© Célia Muller, L’amour et la rage (détail), 2023

Célia MULLER
Évocations

Commissariat
Vincent Gobber
Exposition du 27 octobre au 8 décembre 2023
Vernissage le jeudi 26 octobre à partir de 18 h
L’artiste était en résidence à l’Assaut de la menuiserie du 13 au 26 octobre 2023.

Célia Muller est née en 1992 et est originaire de Meisenthal. Elle vit et travaille à Metz où elle obtient en 2020 son DNSEP Art à l’École Supérieure d’Art de Lorraine.
Sa pratique du dessin se développe en lien étroit avec la photographie, la vidéo ou l’écriture, traversant par des formes hybrides et poétiques les rapports à la mémoire, à l’espace et au temps ancrés dans le quotidien.
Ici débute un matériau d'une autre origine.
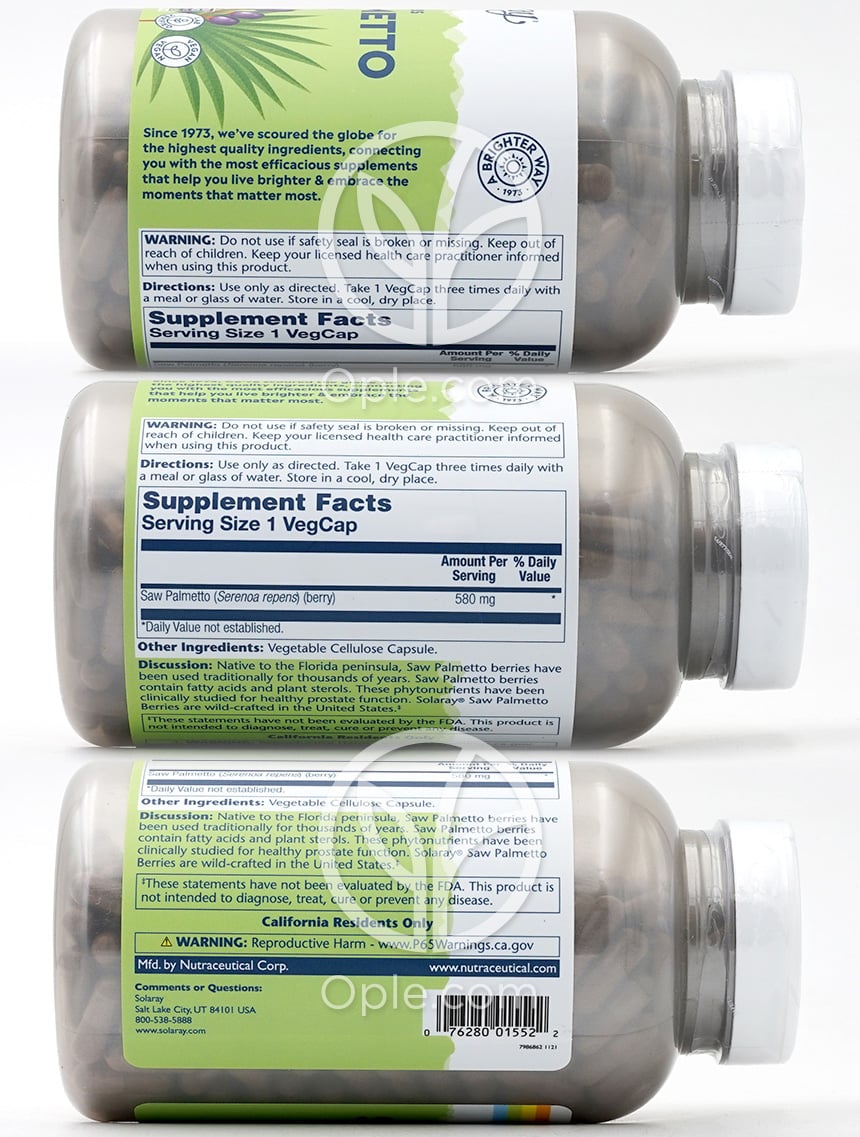 ソーラレイ_トゥルーハーブ ノコギリヤシ 580mg、360ベジカプセル — 후면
« Et l’on en croise, des fantômes, dans les dessins de Célia Muller. Peut-être parce que ceux-ci sont comme les spectres des photographies dont l’artiste se sert quasi toujours pour travailler. Des photographies qui sont déjà, en elles-mêmes des apparitions, des réceptacles pour les âmes qui les regardent et celles qui s’y lovent pour l’éternité. » — Marie Cantos, Le souffle indistinct des images

« Célia Muller n’utilise pas la couleur. Elle a bien essayé, mais son tropisme se situe ailleurs : dans les vibrations, les intensités, les profondeurs, dans les gammes argentées, dans les fractures du noir et blanc. Elle dessine avec cette maestria depuis l’enfance. » — Annabelle Gugnon, 2021, Art Press, 489, pp. 14–16.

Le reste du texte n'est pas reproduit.